*INFORMATION PROVIDED*:
↓
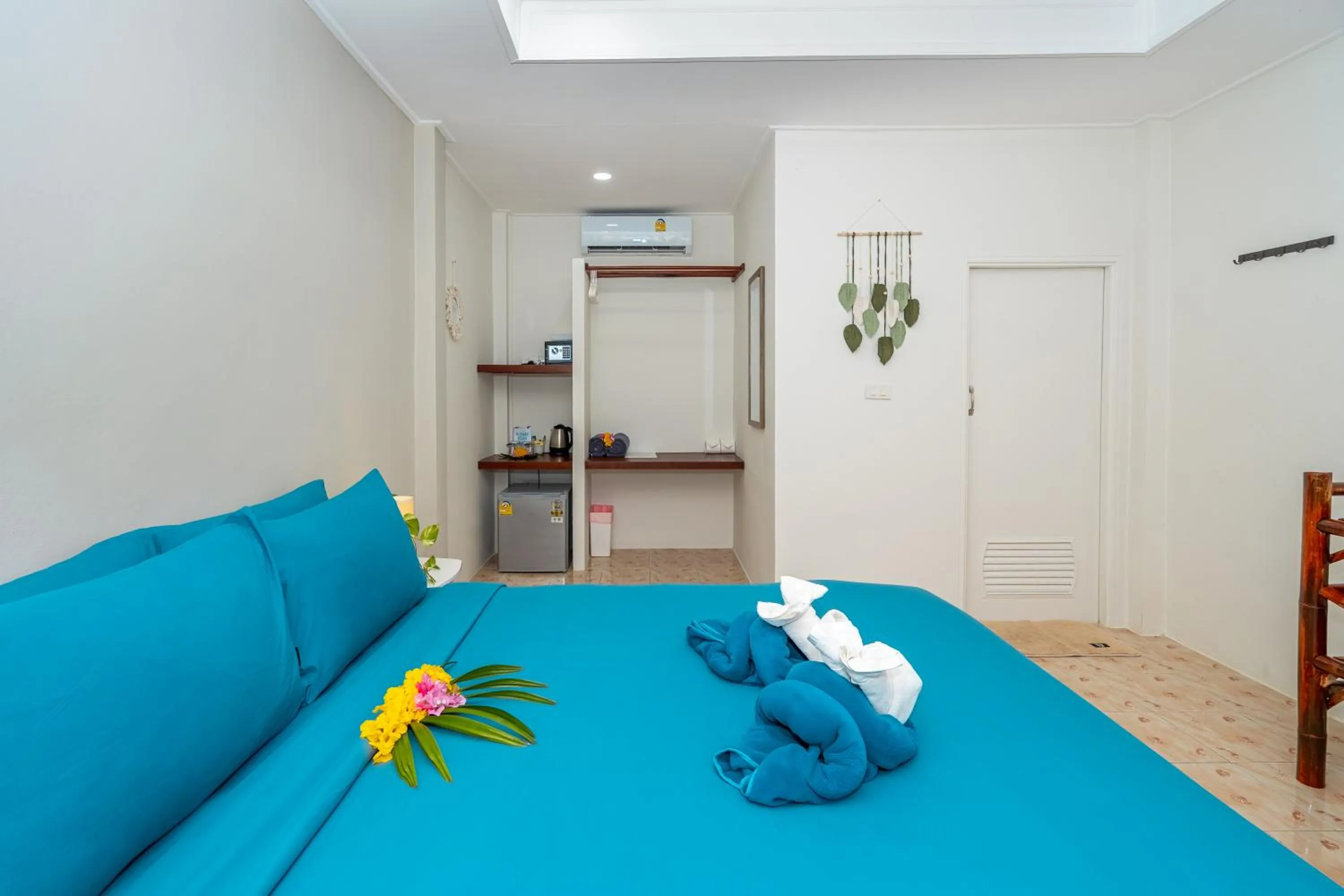 Coffee/tea facilities, Bed in Lanta Beachfront Resort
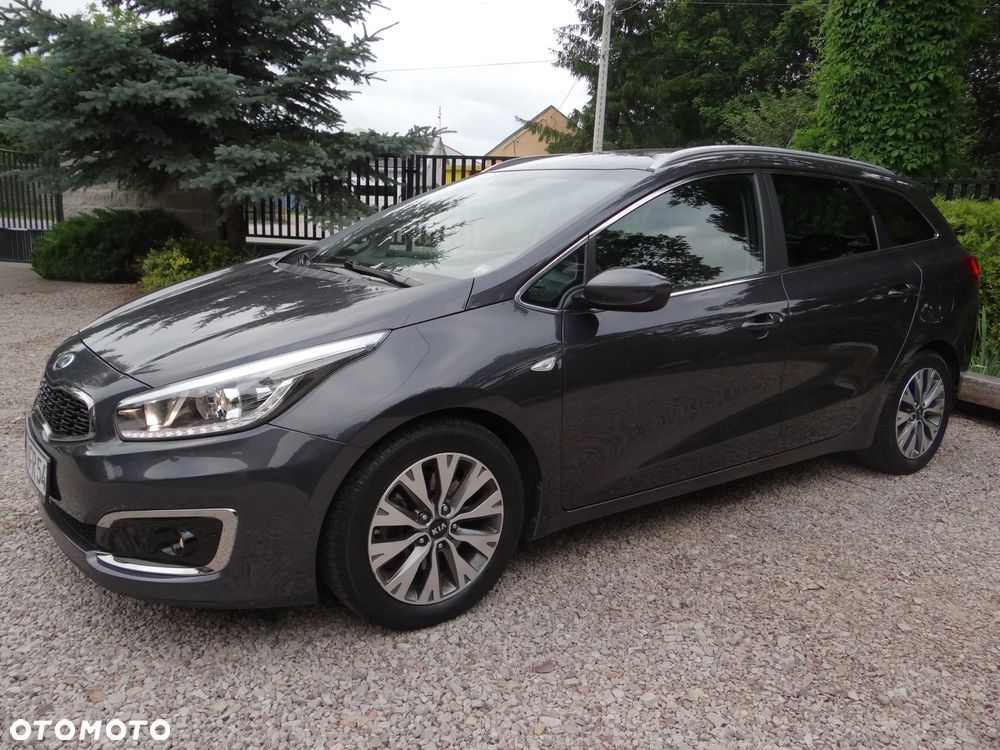 Kia Ceed 1.4 CVVT Dream Team Edition - 1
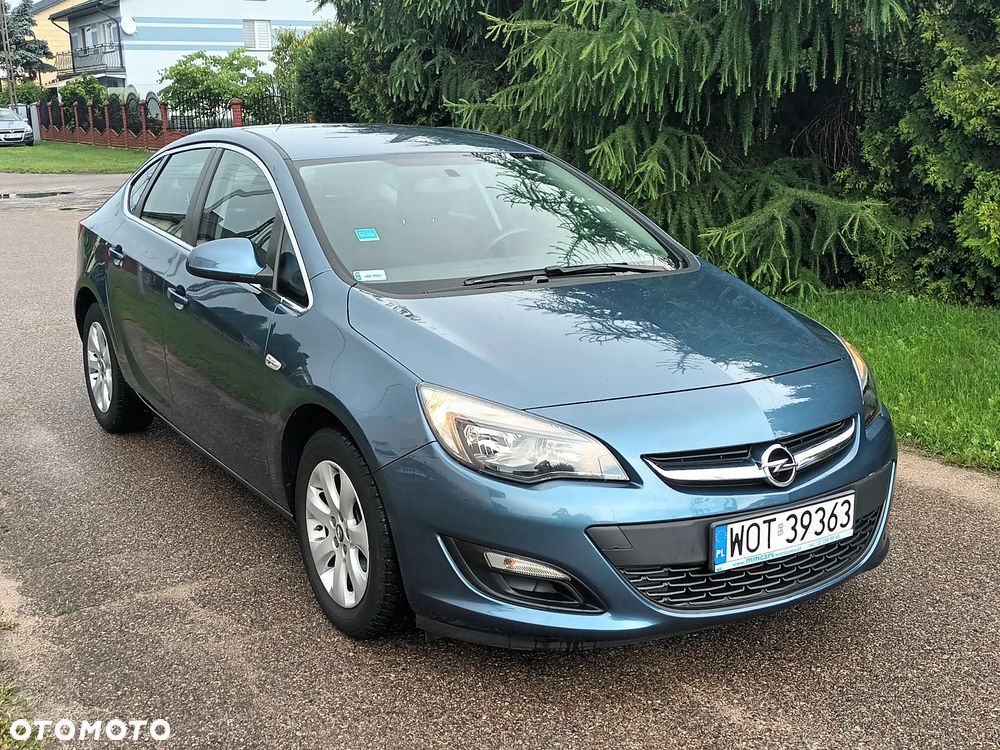Opel Astra 1.4 T Executive S&S EU6 - 2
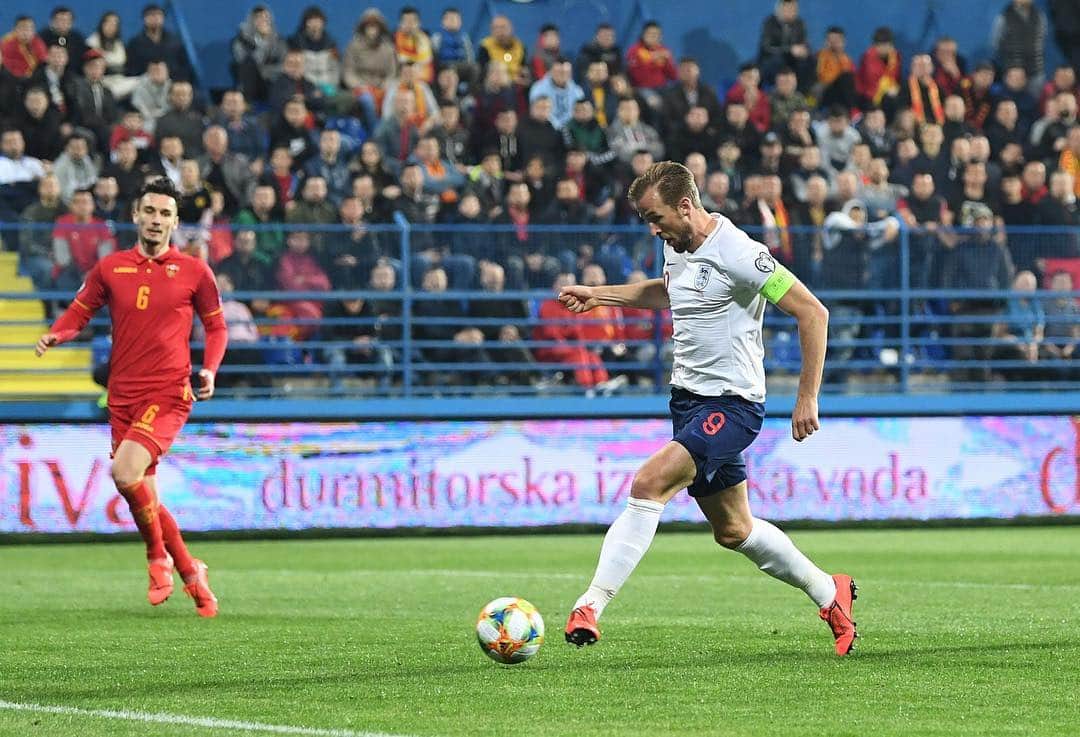 ハリー・ケインのインスタグラム：「Good character shown by the team tonight. Important to get the win and put in the performance we did 🦁🦁🦁 #Euro2020」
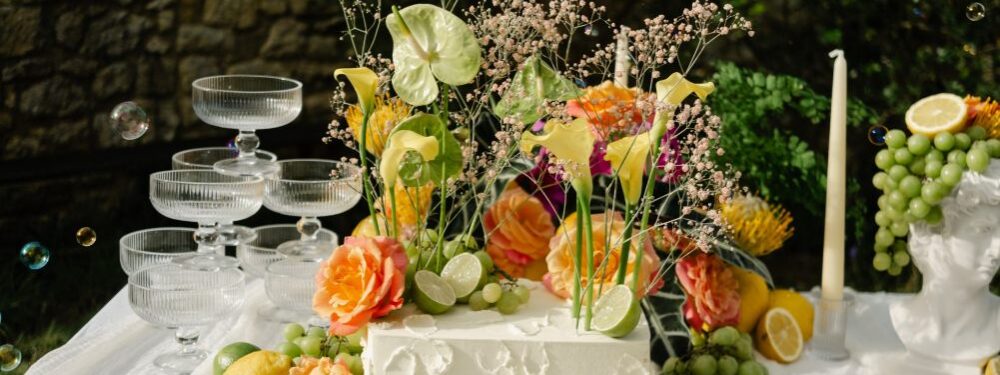 Fleurs, agrumes et fruits : la tendance déco de table à adopter pour votre mariage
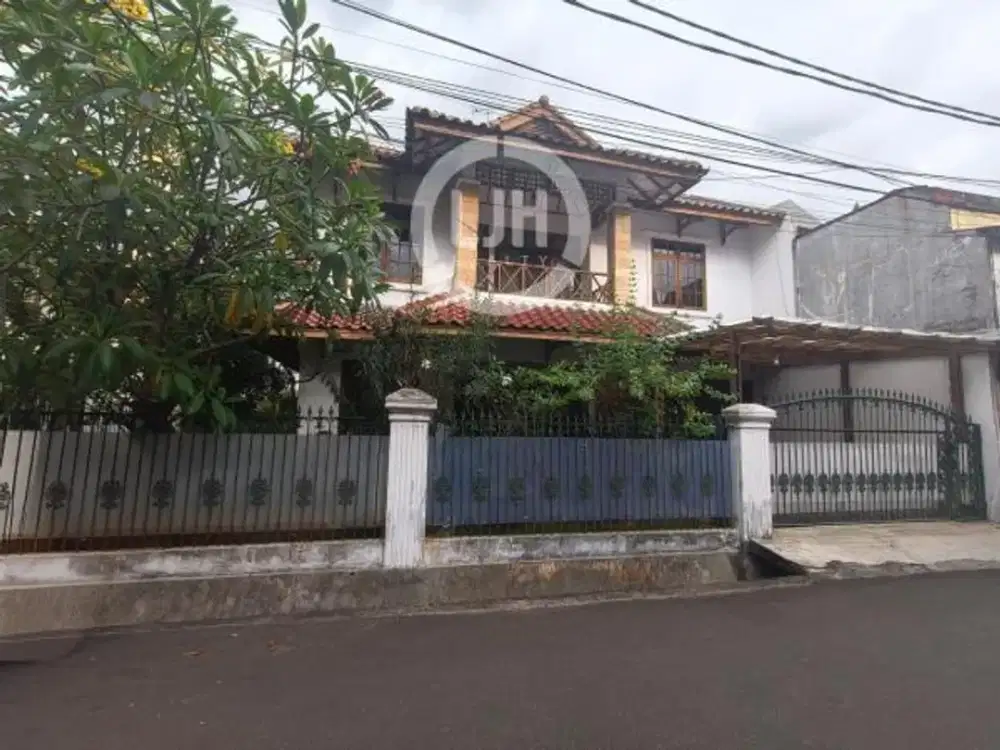 Rumah Hook Luas & Nyaman Dalam Komplek di Tomang Jakarta Barat
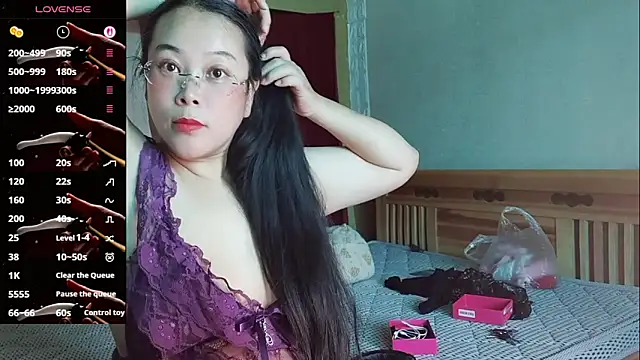 Snapshot of vivi523 chatting on 04/08/26, 02:44 vivi523 online show from 04/08/26, 02:44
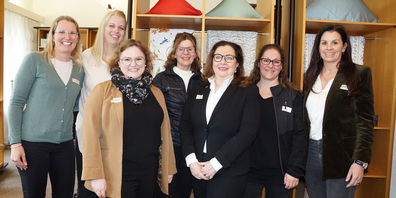 Unternehmerinnen zusammen mit Geschäftsleiterin Cheryl Bossi (links) und Simone Mächler-Fehr (Initiantin von Unternehmerin Rheintal, ganz rechts)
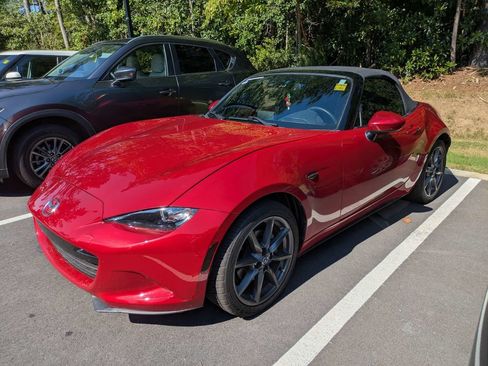 Used 2017 MAZDA MX-5 Miata Grand Touring RWD image 2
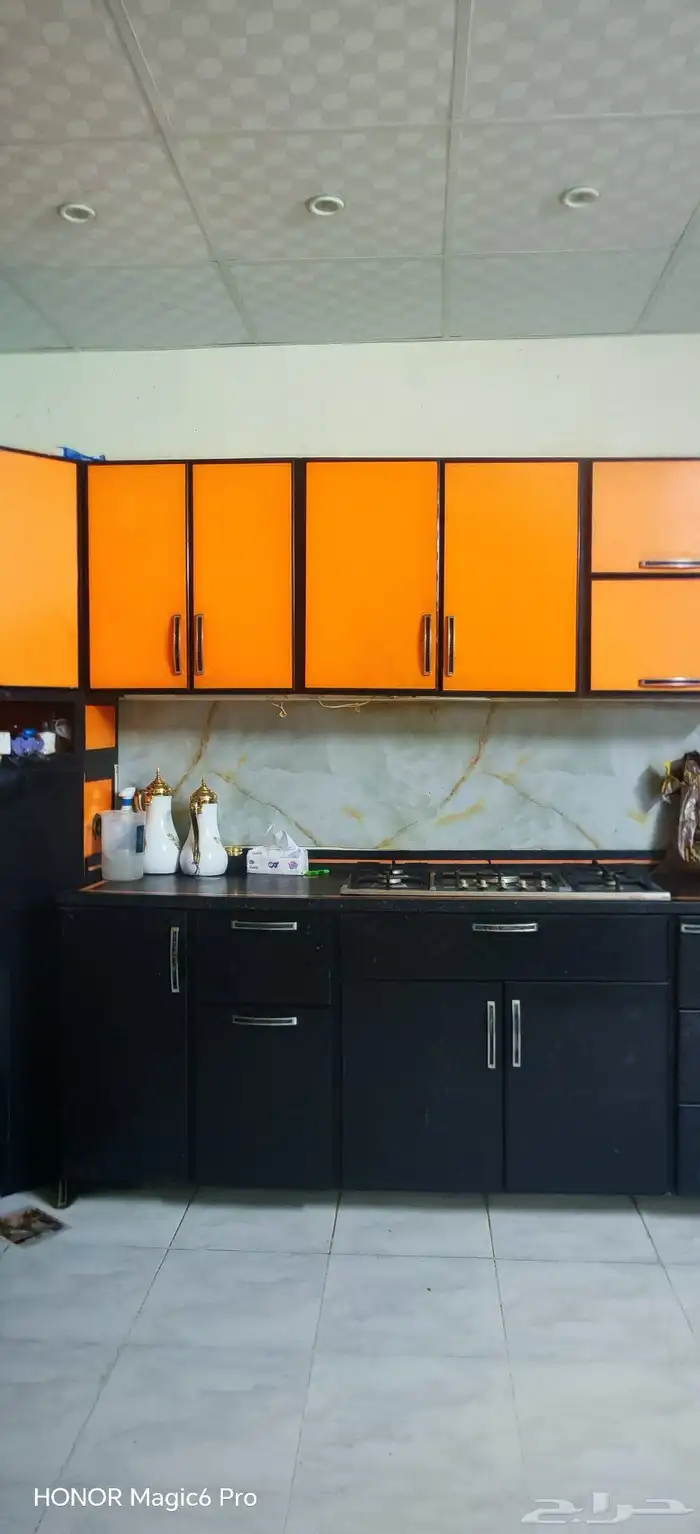 دولاب مطبخ وكراسي 0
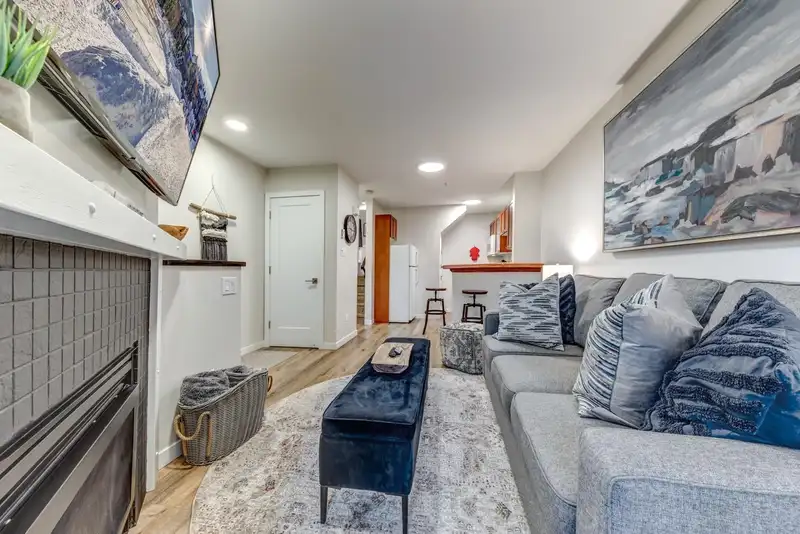 44 4388 NORTHLANDS BOULEVARD - photo 2 of 20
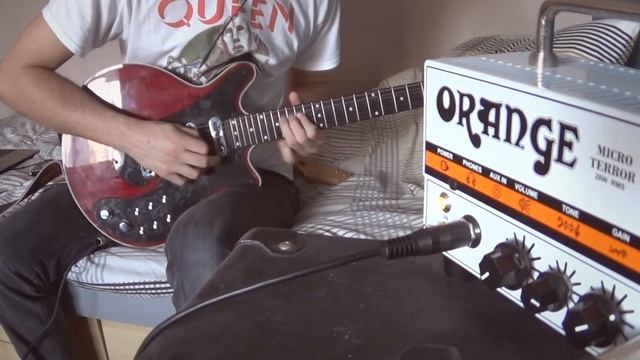 134. Hammer to Fall - Queen/Brian May - Guitar Solo Cover (Orange Micro Terror Demo) смотреть онлайн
↑
*EXERCISE REQUIREMENTS*: Take the material above from its first line through the line holding "Snapshot of vivi523" and set it down exactly, without the pictures.

*ANSWER TO THIS TASK*:
 Coffee/tea facilities, Bed in Lanta Beachfront Resort
 Kia Ceed 1.4 CVVT Dream Team Edition - 1
Opel Astra 1.4 T Executive S&S EU6 - 2
 ハリー・ケインのインスタグラム：「Good character shown by the team tonight. Important to get the win and put in the performance we did 🦁🦁🦁 #Euro2020」
 Fleurs, agrumes et fruits : la tendance déco de table à adopter pour votre mariage
 Rumah Hook Luas & Nyaman Dalam Komplek di Tomang Jakarta Barat
 Snapshot of vivi523 chatting on 04/08/26, 02:44 vivi523 online show from 04/08/26, 02:44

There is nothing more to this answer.